Our Centre programming is primarily based on the intentional emergent curriculum, which embraces the interests of the children and is responsive to their curiosity and thinking. Projects are used as a medium to wonder, explore and construct meaning about our community and wider world. Staff plan a suitable program that meets the needs and interests of the children, driven by the interests of the children and based on what they observe about the individual children. They formulate experiences that match the children’s needs, interests and stages of development.
The program is made up of all the activities, learning experiences, routines and staff/child interactions that happen in day care. All these things need to be planned for, carried out and evaluated. Experiences include music, drama, games, storytelling, reading, dance movement, water play and a wide range of creative arts. We provide times for exploratory play and social interaction. Our Program follows the Early Years Learning Framework (which describes the principles, practice and outcomes essential to support and enhance young children’s learning from birth to five years of age, as well as their transition to school), in conjunction with Victorian Early Years Learning and Development Framework: Birth to 8 years (Victorian Framework) as endorsed by the Department Education and Early Childhood Development (DEECD).

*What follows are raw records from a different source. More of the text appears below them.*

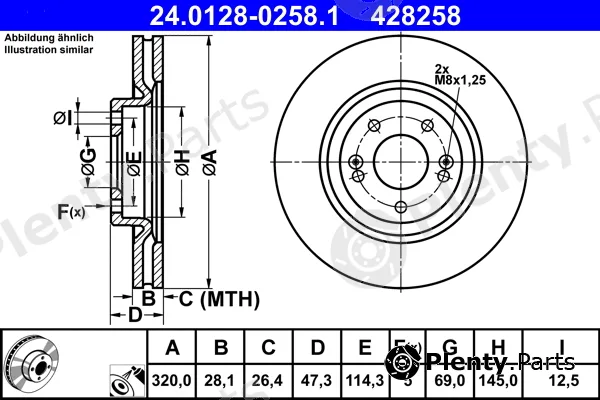 ATE 24.0128-0258.1 — Brake Disc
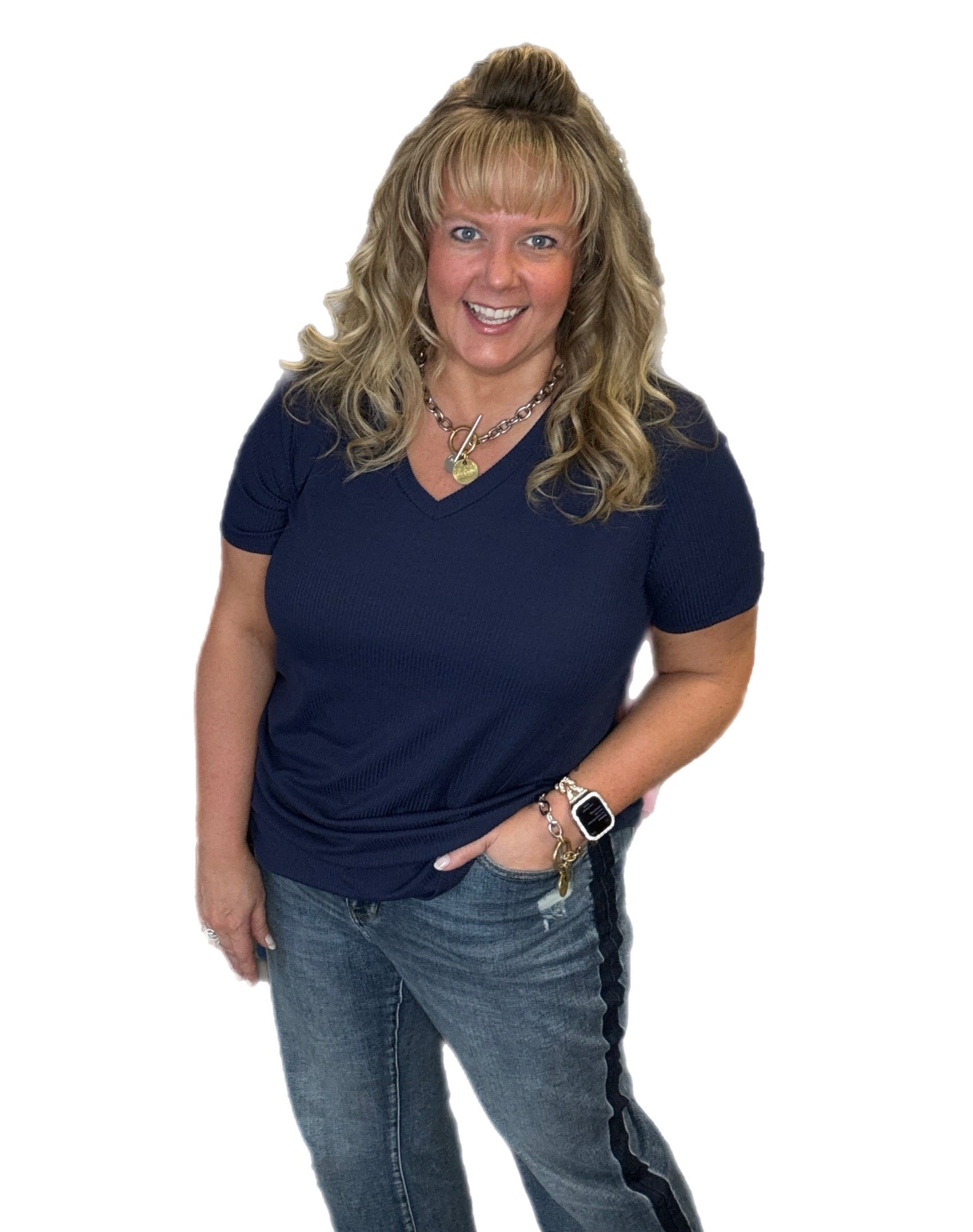 Ribbed V-Neck Top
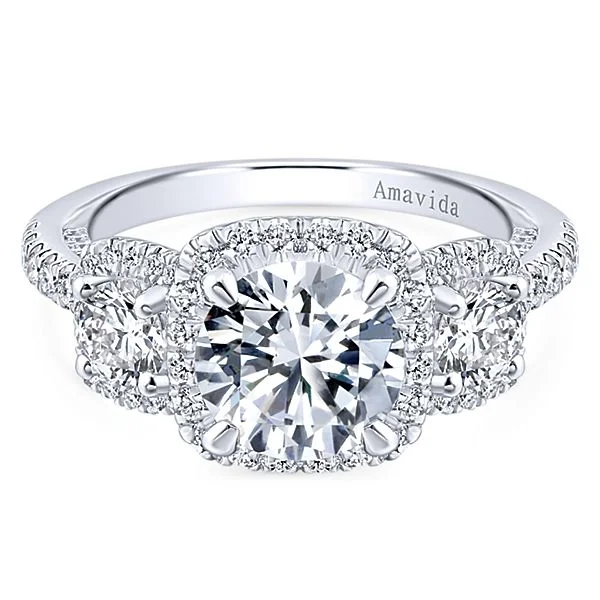 18k White Gold Round 3 Stones Halo Diamond Engagement Ring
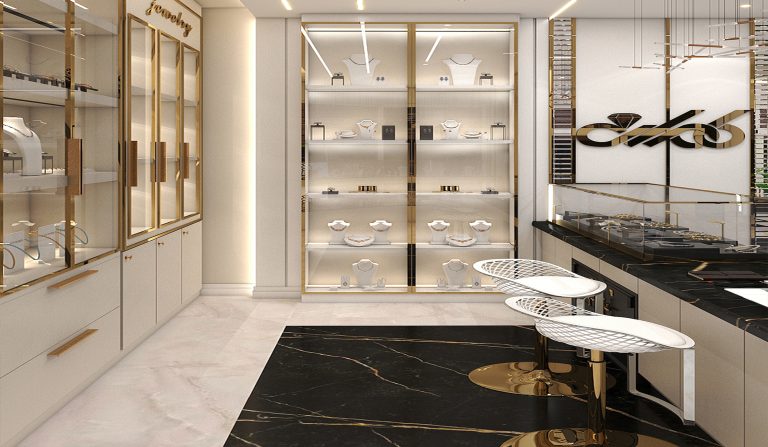 The interior design of Mr. Sadeghzadeh’s jewelry store incorporates a refined selection of materials, including paint, ceramics, MDF, mirrors, silver stainless steel, and decorative posters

Emergent curriculum describes curriculum that develops from exploring what is relevant, interesting and personally meaningful to children. “As Educators, we make choices for children that reflect our values; at the same time we keep our plans open-ended and responsive to children.”
Key features of an Intentional emergent curriculum:
1. Emergent curriculum is not a linear process. An emergent curriculum is constantly evolving in response to children’s changing needs and interests, parental and community interests and concerns, and teachers’ priorities. Each of these key elements shapes the direction for future learning.
2. Emergent curriculum is cyclical. As Educators get to know children and their families, they observe children’s learning, discuss and share ideas with colleagues and families, interact with children and continue to monitor learning progress and document learning. This process is repeated continually.
3. Emergent curriculum is flexible and responsive. Educators plan flexibly with children, as curriculum is constantly evolving in response to children’s interests, building on children’s strengths and needs.
4. Emergent curriculum is collaborative. Emergent curriculum provides opportunities for adults and children to contribute to decision making processes.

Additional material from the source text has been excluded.